C'est l'histoire d'une princesse poisson qui rêve de découvrir le monde des humains. Un jour, elle s'échappe et s'échoue au pied de la falaise. Le petit Sosukéla nomme "Ponyo" et lui jure de la protéger contre vents et marées. Ponyo se métamorphose alors, peu à peu, en une très jolie petite fille. Mais son père, le sorcier Fujimoto la force à revenir parmi les siens. Pour ce faire, depuis le fond des océans, il déchaine les éléments : des vagues géantes fragilisent les digues et des pluies diluviennes font sortir les fleuves et les rivières, de leur lit ... La catastrophe naturelle semble inéluctable.
Seuls nos jeunes héros peuvent sauver la situation ; et ils le feront en agissant ensemble et de concert.
Mesdames, Messieurs,
Malheureusement, il n'y a que dans le monde Ponyo et Sosuké que les catastrophes naturelles peuvent êt re évitées.

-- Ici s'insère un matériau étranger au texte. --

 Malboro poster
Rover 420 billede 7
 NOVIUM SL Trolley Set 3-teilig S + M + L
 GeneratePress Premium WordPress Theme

Dans le notre, nous ne pouvons que les prévenir et les gérer au mieux.
Mais comme eux, nous devons travailler et intervenir ensemble. Parce que la prégnance du risque d'inondations et le bon sens l'exigent.
Le risque d'inondations exige une collaboration exemplaire.

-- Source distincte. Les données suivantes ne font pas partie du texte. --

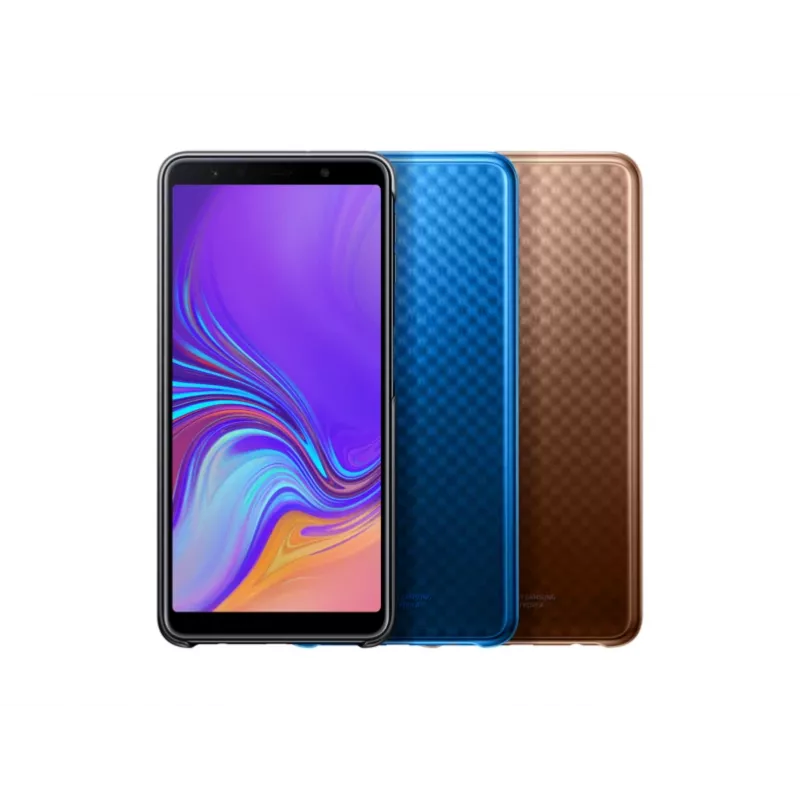 Samsung EF-AA750 etui na telefon komórkowy 15,2 cm (6 inch) pokrowiec niebieski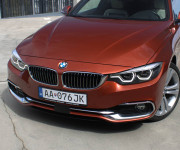 BMW Rad 4 Coupé 430d Luxury Line A/T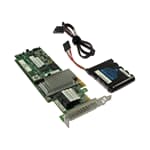 IBM ServeRAID M5210 8-CH 4GB SAS 12G SATA 6G PCI-E LP - 46C9111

La densité de notre réseau hydrographique et l'importance de notre littoral font la richesse de notre pays. Ils en font aussi sa faiblesse.
Le risque « inondation » est, en effet, devenu le premier risque naturel en France : 27.000 km2 de zones inondables dans lesquels vivent plus de 5 millions de Français. Ce sont près de 400.000 entreprises qui y sont installées.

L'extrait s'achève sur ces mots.